* _Data records_
━━━━━━━━━━━━━━━━━━━━

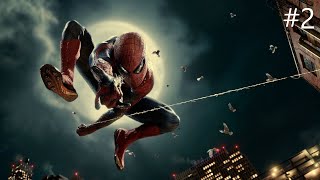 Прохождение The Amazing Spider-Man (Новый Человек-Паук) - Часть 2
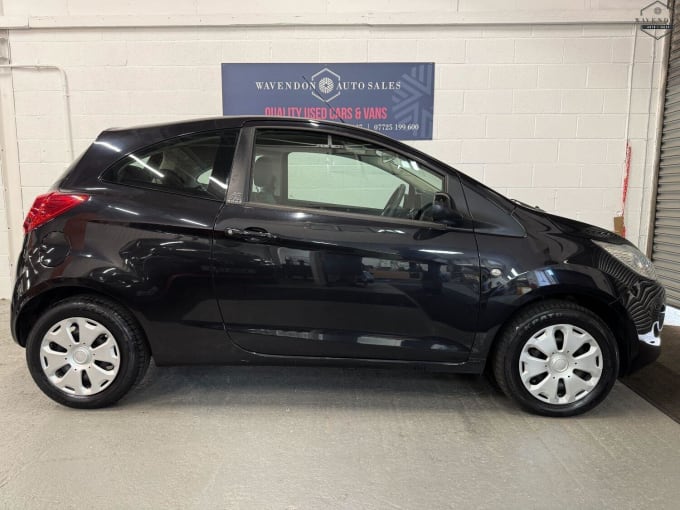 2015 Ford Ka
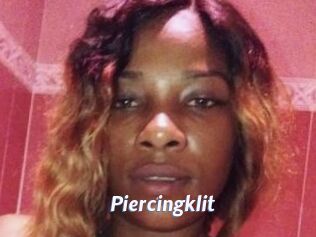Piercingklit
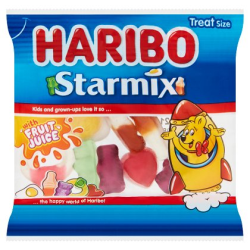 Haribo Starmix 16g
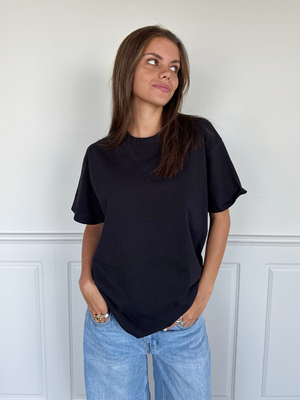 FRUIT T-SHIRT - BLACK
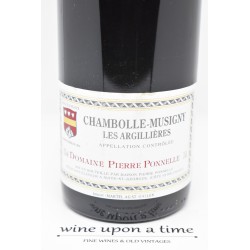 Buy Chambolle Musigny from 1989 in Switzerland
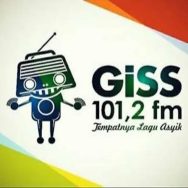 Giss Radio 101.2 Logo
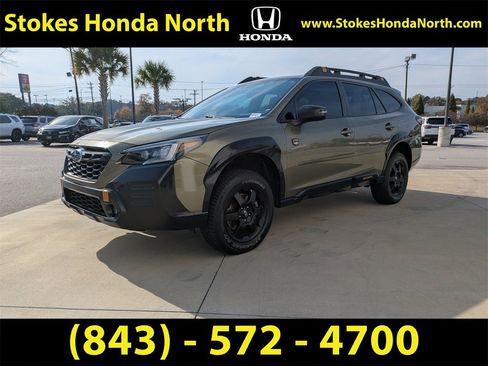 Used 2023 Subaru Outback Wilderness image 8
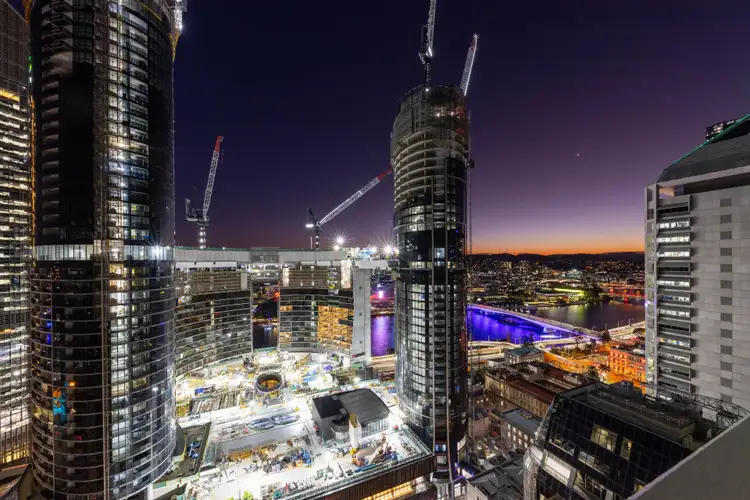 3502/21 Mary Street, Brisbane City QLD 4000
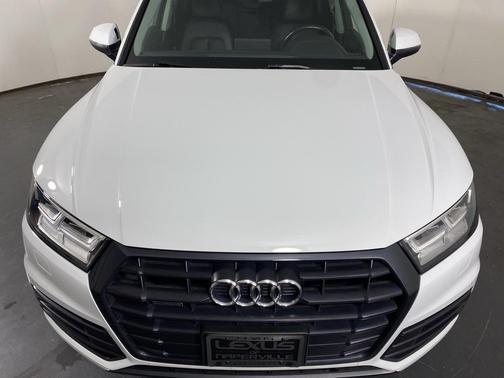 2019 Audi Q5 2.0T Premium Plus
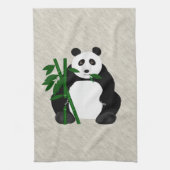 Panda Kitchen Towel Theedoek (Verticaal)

━━━━━━━━━━━━━━━━━━━━

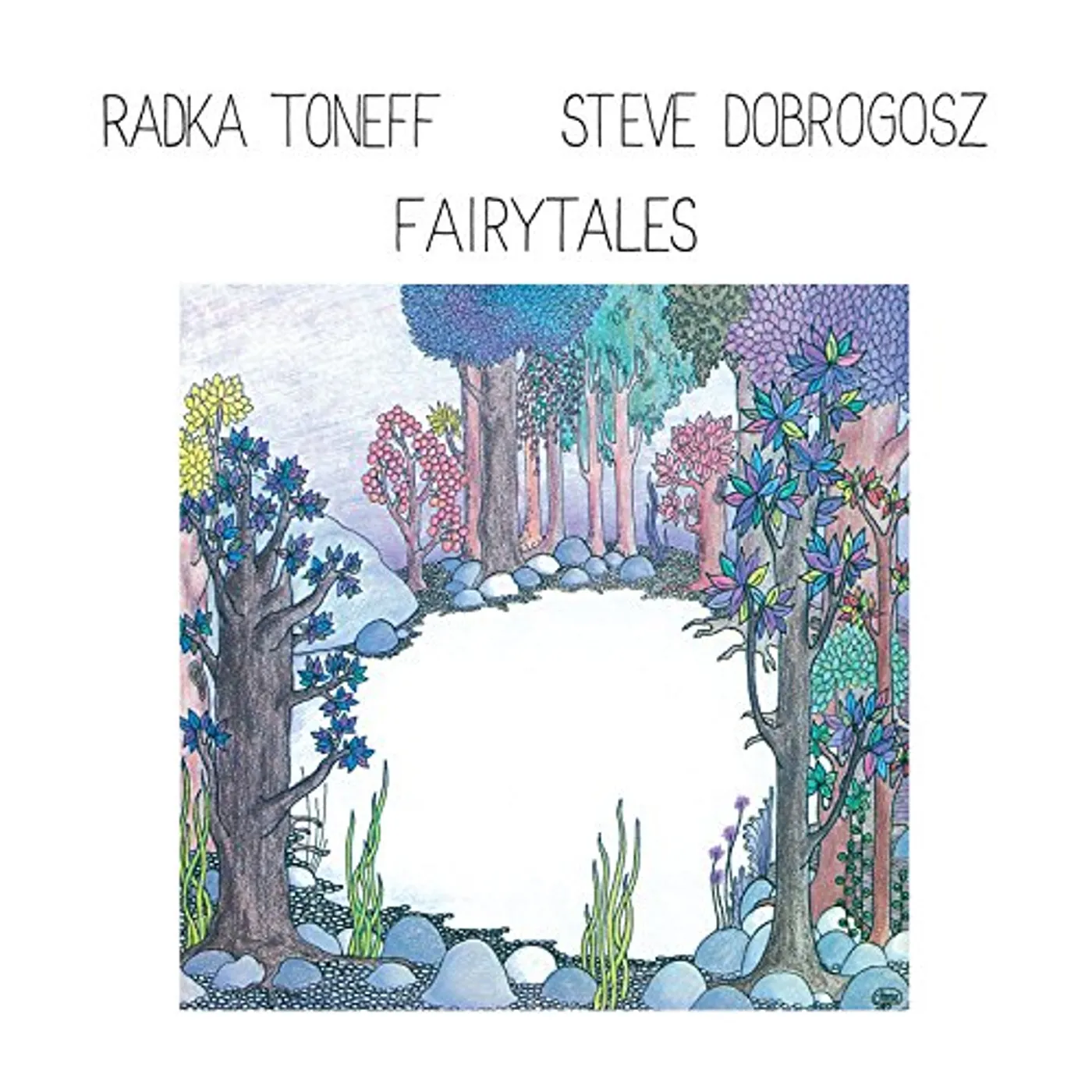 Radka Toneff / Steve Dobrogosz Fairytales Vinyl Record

━━━━━━━━━━━━━━━━━━━━

* _Work task_
Both the line containing "Прохождение The Amazing" and the line containing "3502/21 Mary Street, Brisbane City QLD 4000" above belong in the output, as do the lines between them. Print them exactly, without pictures.

* _Task answer_
 Прохождение The Amazing Spider-Man (Новый Человек-Паук) - Часть 2
 2015 Ford Ka
Piercingklit
 Haribo Starmix 16g
 FRUIT T-SHIRT - BLACK
 Buy Chambolle Musigny from 1989 in Switzerland
 Giss Radio 101.2 Logo
 Used 2023 Subaru Outback Wilderness image 8
 3502/21 Mary Street, Brisbane City QLD 4000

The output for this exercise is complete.